Las primaveras árabes echaron por tierra el prestigio de analistas y expertos y las post revoluciones están haciendo lo mismo. Ahora los gurús se limitan a ponerse en uno de los dos bandos y repetir los mismos argumentos. Tenemos al grupo de los que hablan de “revoluciones robadas por el islamismo”, el más numeroso, que critican la falta de libertades para los laicos y liberales en caso de permitir gobernar a las fuerzas religiosas. Para ellos son más importantes la cerveza y los bikinis, dos de los grandes logros del laicismo según se desprende de cada tertulia en la que se echa en cara a los Hermanos Musulmanes que se van a cargar estos dos avances de la humanidad, que el resultado de las urnas. No mencionan los miles de años de cárcel que se chuparon los presos políticos islamistas (hombres y mujeres) sin juicios de ningún tipo.

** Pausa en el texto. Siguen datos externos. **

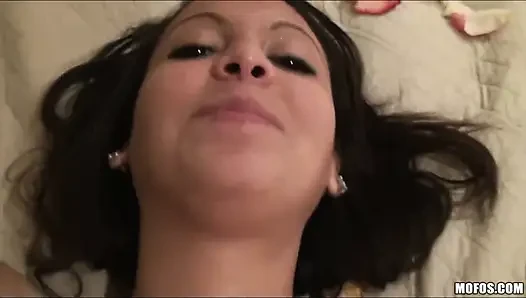 I Know That Girl - Fuck Me in the Bath, It's Romantic!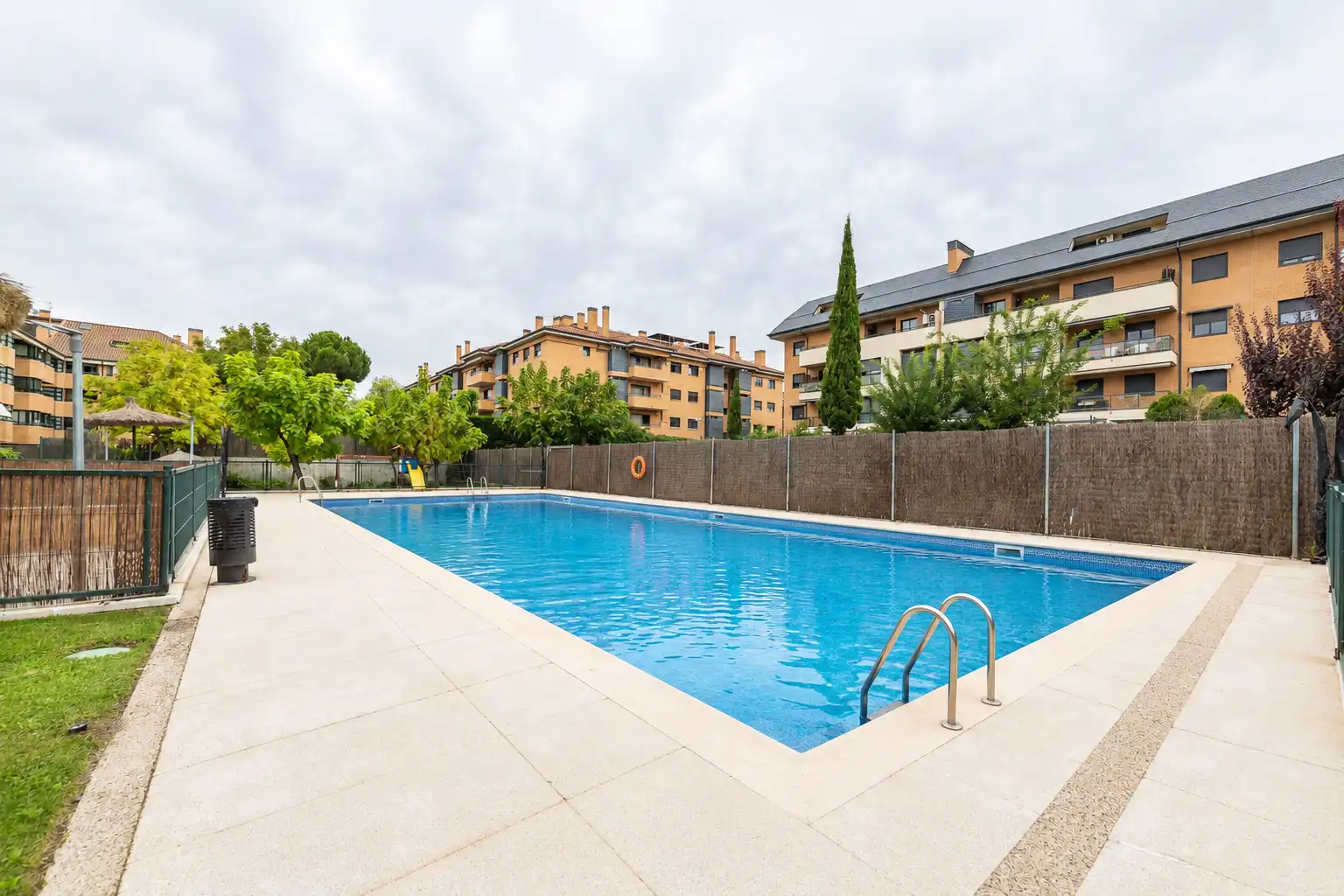 Piscina de Piso en venta en Somosaguas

El segundo grupo, mucho menor, es el que acepta  la superioridad de las fuerzas islamistas sobre el terreno, más allá de los centros urbanos y de la élite que normalmente tiene contacto con occidentales. Se han rendido a la evidencia de que estos pueblos quieren cambio y “el Islam es la solución”, como proclamó el fundador de la hermandad, Hasan Al Banna, hace ocho décadas. Miran a las urnas para justificar su razonamiento y piden una oportunidad para los Hermanos Musulmanes, un grupo tan conocido como secreto. Para ellos no vale el refrán de «más vale lo malo conocido…»

Lo que queda en entredicho en estos países es el propio sistema de elección. Cuando un voto se puede comprar por unas libras, cuando las instituciones siguen encabezadas por caciques del antiguo régimen dispuestos a cualquier cosa por mantener sus privilegios, cuando el analfabetismo golpea a las urnas como cuando un bebe llora pidiendo el biberón a su madre, cuando los militares se mueven entre bambalinas cambiando constituciones y derribando parlamentos significa que no se dan las condiciones mínimas para pueda salir algo decente de todo esto, y mucho menos estable. Por eso habría que usar otros términos a la hora de referirse a estos procesos, más que una elección parece que estamos ante una selección en la que, independientemente del voto ciudadano, serán los militares los que tengan la última palabra. Podrá salir Morsi, podrá salir Shafiq, pero la revolución sigue presa de los de verde oliva.